Mi marido es uno de esos pocos bichos raros que no tiene ni Facebook ni Twitter, ni Instagram, ni nada de nada. Pero, en parte, es una conducta admirable. Me gusta mucho observar a la gente, sobre todo en las ciudades, en el metro, por la calle, a través de los escaparates de bares y cafés. Sinceramente creo que la cosa se nos ha ido de las manos. Alguien morirá un día en un paso de cebra mientras cruza la calle contemplando la pantalla que lleva en la mano, si es que no ha ocurrido ya.

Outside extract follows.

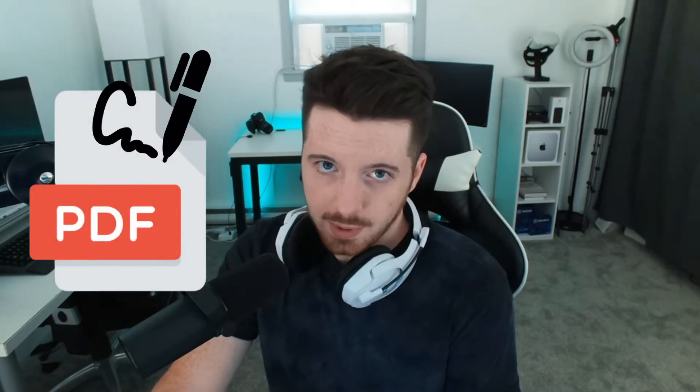Hey, so today I'm quickly going over how to sign a PDF on your computer for free, so I hope this video helps you out.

Nos hemos vuelto esclavos de una realidad virtual irreal, teórica e inexorablemente feliz. La gente sonríe como si la vida se le fuera en ello para un selfie y acto seguido la peor cara de velorio se apodera de su semblante mientras la foto se sube a la red. Hemos llegado a medir la vida en ‘me gustas’ sin grabar un sólo recuerdo en nuestras retinas. Las fotos turísticas siempre tienen que tener al protagonista delante poniendo la mejor cara de foto que ha podido... Perdona... ¿Te puedes mover? Quiero ver el Big Ben, gracias. Hace tiempo que tengo ganas de hacer una especie de ensayo fotográfico de gente haciéndose selfies, os juro que nos moriríamos de risa.

¿Y la vida? La vida es eso que no ponéis en Facebook, eso que pasa mientras tu miras tu teléfono compulsivamente y tu hijo juega con el triciclo, ese mismo artefacto que muchos de los niños actuales desconocen. Sí, a esto hemos llegado. Mi hijo fue al parque con el triciclo el domingo y al pasar una niña de unos 7 años le dijo a su padre «¡qué bici más rara!». La vorágine digital arrasó con la infancia que todos hemos conocido si hoy en día los niños no saben lo que es un triciclo.